Tem um piano com teclas Fatar, controladores MIDI, um sintetizador Roland Juno-D com sons vintage e modernos. Recriou um estúdio digital simples e software de modelação de som. Uma orquestra inteira na ponta dos dedos.
Tudo isto, astrofotografia, música, reparações, automatismos, seria impossível sem uma mente inquieta e engenhosa. A formação base é em electrónica e informática. Mas o que mais define José Paulo é a sua curiosidade teimosa. Inventa, adapta, resolve. Afinal, “não gosto de inventar o que já foi inventado, gosto de pegar no que existe e fazer melhor”.
No trabalho, isso valeu-lhe dores de cabeça e vitórias.
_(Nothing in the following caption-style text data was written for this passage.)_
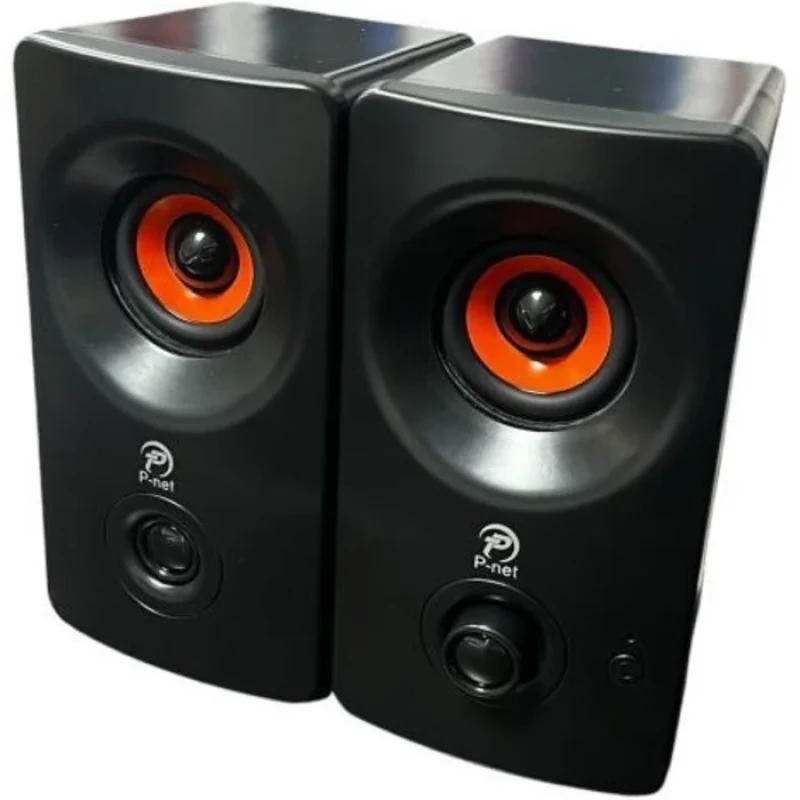 اسپیکر دسکتاپ پی نت مدل AC-9002-BT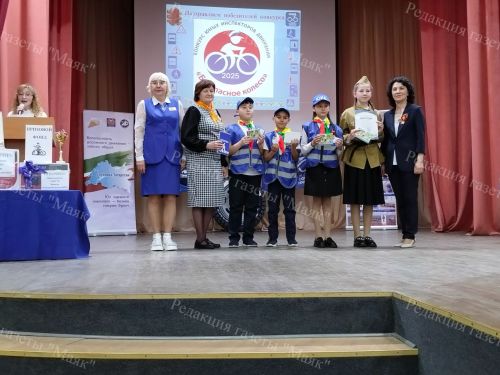 В Азнакаево подвели итоги муниципального этапа республиканского конкурса “Безопасное колесо”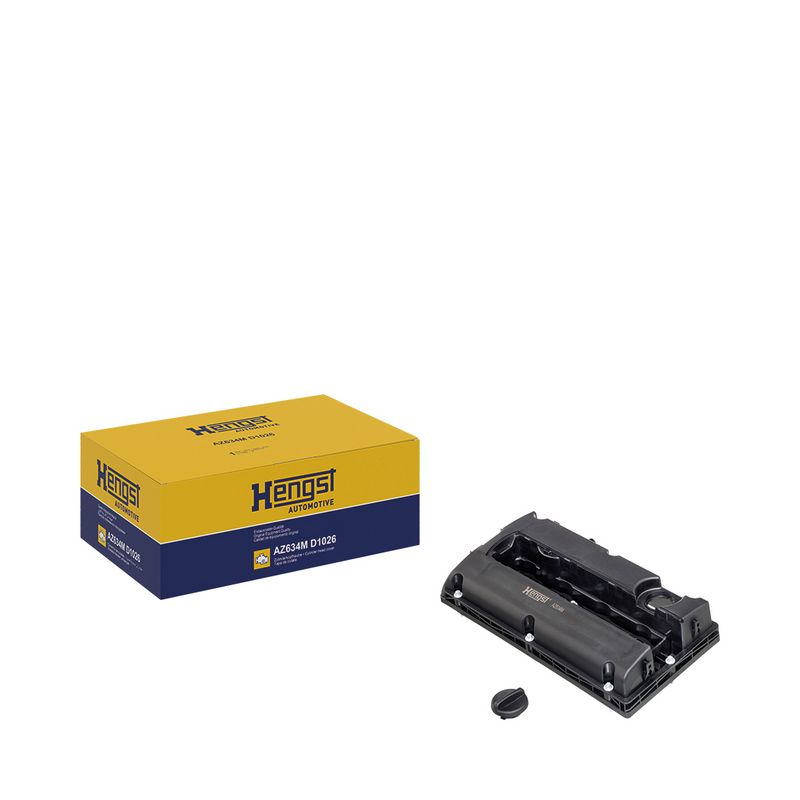 HENGST FILTER Zylinderkopfhaube AZ634M D1026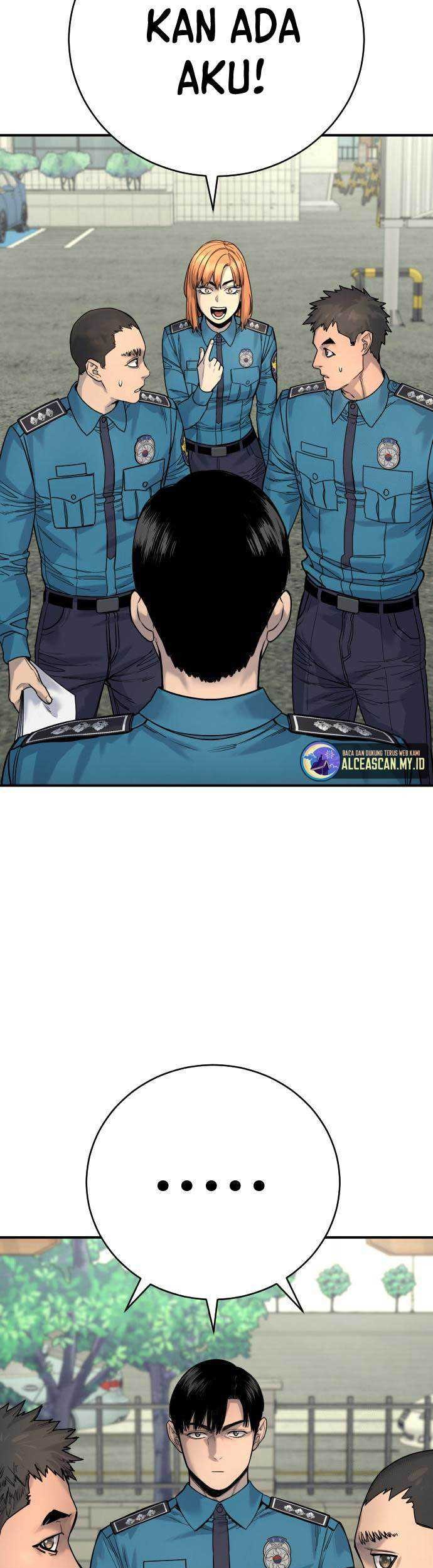 Return of the Bloodthirsty Police Chapter 36 Gambar 22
Em casa, vale-lhe noites com o céu aberto e a alma leve. Sente-se bem em Ansião. Tem vizinhos que já chama amigos, boas relações interpessoais, e uma tranquilidade que Lisboa já não oferecia. “Só mudava se pudesse construir a casa dos meus sonhos. Num sítio mais escuro. Pequena, mas com boa ligação à internet.”
Há uma lição discreta, mas poderosa, na história de José Paulo Ferreira. Aos 70 anos, descobriu uma nova forma de viver. Não como fuga ao passado, mas como prolongamento do que sempre o moveu: o gosto por descobrir, experimentar, criar.